Wednesday, January 20, 2010

Comfort Drink

It's still cold, rainy, and wet outside. I'm not complaining! I love change and, since I've spent pretty much most of my days living in Southern California, this comfy, dreery weather is a welcomed change for me!

I decided to join the masses and make myself a mug of cocoa as I gear up for the peace that awaits as the children nap. (I'll have a fire going, shortly.) But I used all-natural, healthy ingredients and, of course, fair trade chocolate. So I'll take my cocoa less the guilt, please!

There's not much to this story aside from the ingredients I chose. I'll tell you about them and let you find the ratios that work for you.

The chocolate comes from Sweet Earth Chocolates. You can find fairtrade cocoa powder at other places, but I buy a lot of my chocolate from this place because it's the best place for chocolate chips. I did recently see them at Sprouts, but they were very expensive. Fairtrade is very important to me and I think it should be to you, too. Chocolate is a luxury, so I would first do without than buy something I don't need that is tainted by the blood of child slavery. If you'd like to know more about this, you can check out Stop the Traffik for starters.

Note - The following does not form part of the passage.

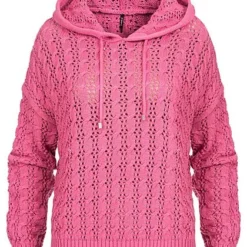 ONLY Damen Struktur Hoodie Grobstrickhoodie Mit Kapuze & Tunnelzug Gin Fizz Pink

I use raw milk for drinking, but it's very expensive. Trader Joe's has unhomogenized milk that is pasteurized, so I sometimes mix it with the raw stuff and use it for cooking. There's just no sense paying $16/gallon for unheated milk that I'm just going to be heating up anyway! If you can't afford either option, definitely look for milk that is not ultra-pasteurized. Ultra-pasteurization is a violent process that heats milk to 280 degrees for 3 minutes, the end product devoid of important enzymes and nutrients we drink our milk for. Ordinary pasteurization heats milk to 180 degrees for 30 minutes. It's not a great option, but it beats ultra-pasteurized hands-down! If you want to learn more about the subject of pasteurization (why we started pasteurizing milk, what it does to the product, the benefits of raw milk, how to determine if your unpasteurized milk is safe, etc.) check out the Real Food book on my bookshelf. She's dedicated a lot of her book to this topic.

And, of course, our good friend agave nectar. Agave is an all-natural sweetener that does not raise your blood sugar. There are other appropriate sweeteners you can use: pure Grade B maple syrup with it's multitude of nutrients, and raw honey which has anti-viral properties among other things. I usually choose agave, though, since it doesn't affect blood sugar.